DATA SECTION:
========
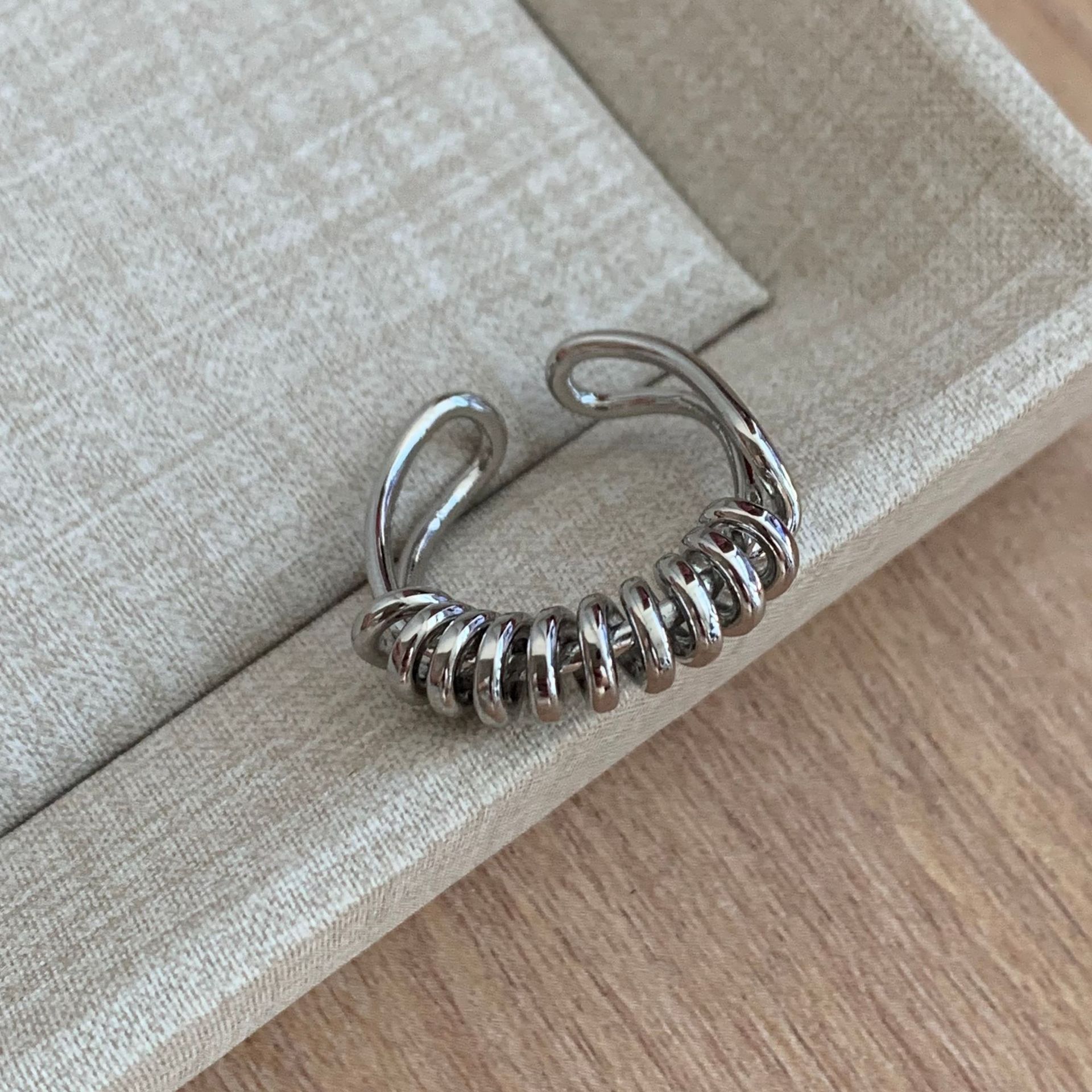 Spring Design Zircon Ring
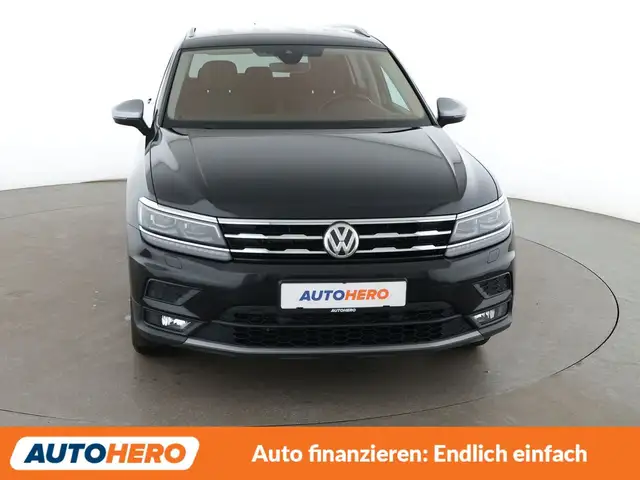 Volkswagen Tiguan Allspace view 9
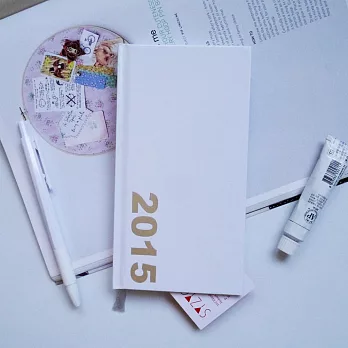 《Conifer》2015 ColorDiary玩色日誌。48K-白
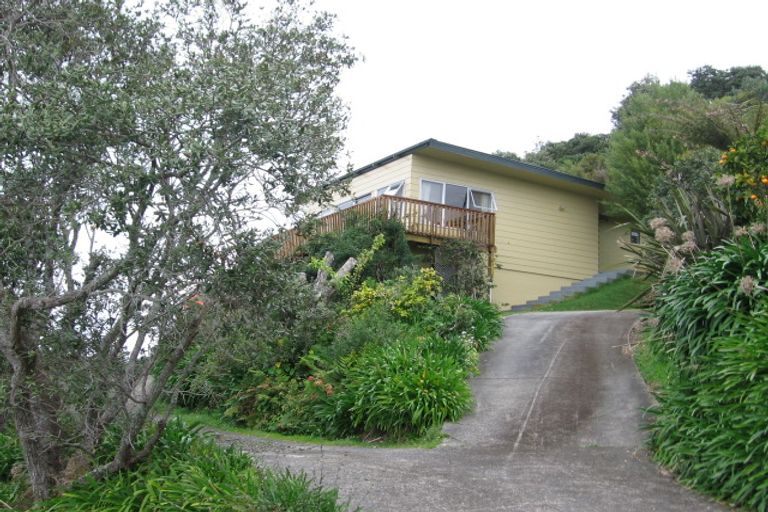 Photo of property in 21 Tutaritari Road, Hahei, Whitianga, 3591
========
ACTIVITY: Output an exact copy of the material, with the pictures removed.

THE COMPLETED TASK:
 Spring Design Zircon Ring
 Volkswagen Tiguan Allspace view 9
 《Conifer》2015 ColorDiary玩色日誌。48K-白
 Photo of property in 21 Tutaritari Road, Hahei, Whitianga, 3591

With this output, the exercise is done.